In conclusion, the independent financial consultant believes that as of the date of issuance of this report, Thunder Software Technology Co.Ltd(300496) the achievement of the exercise conditions in the second exercise period of the incentive plan has obtained the necessary approval and authorization, which is in line with the relevant provisions of the management measures and the company’s incentive plan (Draft).

5、 Opinion of independent financial advisor

(I) description of the achievement of exercise conditions in the second exercise period of 2020 stock option incentive plan

1. The second waiting period has expired

According to the 2020 stock option incentive plan of the company, the exercise period of stock options and the exercise schedule of each period are shown in the table:

Exercise arrangement exercise time exercise proportion

The first 12 months after the date of registration of stock option grant

24 30% from the first trading day of the first exercise period to the date when the registration of stock option grant is completed

Ending on the last trading day of the month

The first day after 24 months from the date of completion of stock option grant registration

36.30% from the trading day of the second exercise period to the date of completion of stock option grant registration

Ending on the last trading day of the month

The first day after 36 months from the date of completion of stock option grant registration

48.40% from the trading day of the third exercise period to the date when the registration of stock option grant is completed

Ending on the last trading day of the month

As mentioned above, the second exercise period of stock options granted by this incentive plan is from the first trading day after 24 months from the date of completion of stock option grant registration to the last trading day within 36 months from the date of completion of stock option grant registration. The grant registration of stock options in this incentive plan is completed on January 23, 2020, and the second waiting period of stock options has expired.

2. Explanation on the achievement of exercise conditions of stock options in the second exercise period of this incentive plan

Achievement of category exercise conditions

The company is not under any of the following circumstances:

1. The financial report of the latest fiscal year was issued by a certified public accountant

Audit reports with negative opinions or unable to express opinions;

2. The internal control of the financial report of the most recent fiscal year is not subject to the above circumstances by the certified public accountant company, and the company issues an audit report with a negative opinion or unable to express an opinion; Form, meet the exercise conditions. 3. Failure to comply with laws, regulations and company seal within the last 36 months after listing

1. The situation of publicly committing to profit distribution;

4. Equity incentive is not allowed according to laws and regulations;

5. Other circumstances recognized by the CSRC.

The incentive object does not have any of the following situations:

1. Being identified as an inappropriate candidate by the stock exchange within the last 12 months;

2. Within the last 12 months, it has been recognized as not qualified by the CSRC and its dispatched offices

Suitable person; 3. The incentive object has not been subject to the aforesaid incentive. 3. The incentive object has been punished by the CSRC for major violations of laws and regulations in the last 12 months and meets the exercise conditions

Administrative punishment or market entry prohibition measures like its dispatched office; Pieces.

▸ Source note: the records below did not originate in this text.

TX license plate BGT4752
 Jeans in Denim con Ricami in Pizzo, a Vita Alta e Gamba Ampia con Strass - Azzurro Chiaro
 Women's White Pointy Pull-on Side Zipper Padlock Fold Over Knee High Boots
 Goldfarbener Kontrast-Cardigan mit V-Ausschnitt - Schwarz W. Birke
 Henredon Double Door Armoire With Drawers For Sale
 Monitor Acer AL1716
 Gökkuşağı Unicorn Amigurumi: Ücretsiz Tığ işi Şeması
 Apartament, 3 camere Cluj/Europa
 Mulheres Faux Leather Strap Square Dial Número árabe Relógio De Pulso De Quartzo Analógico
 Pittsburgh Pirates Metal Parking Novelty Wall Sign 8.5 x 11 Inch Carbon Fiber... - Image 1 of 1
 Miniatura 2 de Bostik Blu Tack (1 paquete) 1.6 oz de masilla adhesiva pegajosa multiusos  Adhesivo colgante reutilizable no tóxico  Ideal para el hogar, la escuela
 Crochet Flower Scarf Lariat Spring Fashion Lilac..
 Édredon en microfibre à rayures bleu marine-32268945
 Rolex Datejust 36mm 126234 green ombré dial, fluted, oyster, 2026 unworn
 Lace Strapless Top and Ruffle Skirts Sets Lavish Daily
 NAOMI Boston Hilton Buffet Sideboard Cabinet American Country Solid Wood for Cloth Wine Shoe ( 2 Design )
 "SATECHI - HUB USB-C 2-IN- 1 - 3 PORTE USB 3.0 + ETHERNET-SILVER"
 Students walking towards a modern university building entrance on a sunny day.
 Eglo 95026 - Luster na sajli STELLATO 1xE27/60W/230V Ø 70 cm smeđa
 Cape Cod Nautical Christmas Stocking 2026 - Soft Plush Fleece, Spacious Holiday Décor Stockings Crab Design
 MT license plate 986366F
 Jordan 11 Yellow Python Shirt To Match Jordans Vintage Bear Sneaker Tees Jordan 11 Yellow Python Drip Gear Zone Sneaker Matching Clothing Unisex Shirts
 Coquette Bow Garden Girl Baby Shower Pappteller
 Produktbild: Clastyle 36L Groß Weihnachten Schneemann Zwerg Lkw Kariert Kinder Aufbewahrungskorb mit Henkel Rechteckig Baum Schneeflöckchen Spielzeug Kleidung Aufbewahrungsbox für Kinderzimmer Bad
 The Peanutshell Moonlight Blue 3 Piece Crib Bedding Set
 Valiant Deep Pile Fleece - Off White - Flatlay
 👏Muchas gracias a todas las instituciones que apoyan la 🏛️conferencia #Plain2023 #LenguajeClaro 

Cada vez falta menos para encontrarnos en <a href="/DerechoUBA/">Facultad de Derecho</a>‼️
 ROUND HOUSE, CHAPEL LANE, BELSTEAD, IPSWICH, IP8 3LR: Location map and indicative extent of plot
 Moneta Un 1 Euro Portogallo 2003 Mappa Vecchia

4. Those who have the provisions of the company law shall not serve as directors or senior managers of the company

Management personnel;

5. Those who are not allowed to participate in the equity incentive of listed companies according to laws and regulations;

6. Other circumstances recognized by the CSRC.

Based on the net profit in 2018, the growth rate of net profit in 2020 shall not be lower than that in 2018

120% of the company’s net profit growth performance in 2021. The above indicators of “net profit” and “net profit growth rate” belong to listed companies

Assess the net profit of shareholders after deducting non recurring profits and losses, and the annual growth rate from 2020 to 2022 is 562.95%, which meets the conditions that the bank does not consider the share rights generated by the implementation of this incentive plan and other equity incentive plans.

Impact of payment expenses on net profit.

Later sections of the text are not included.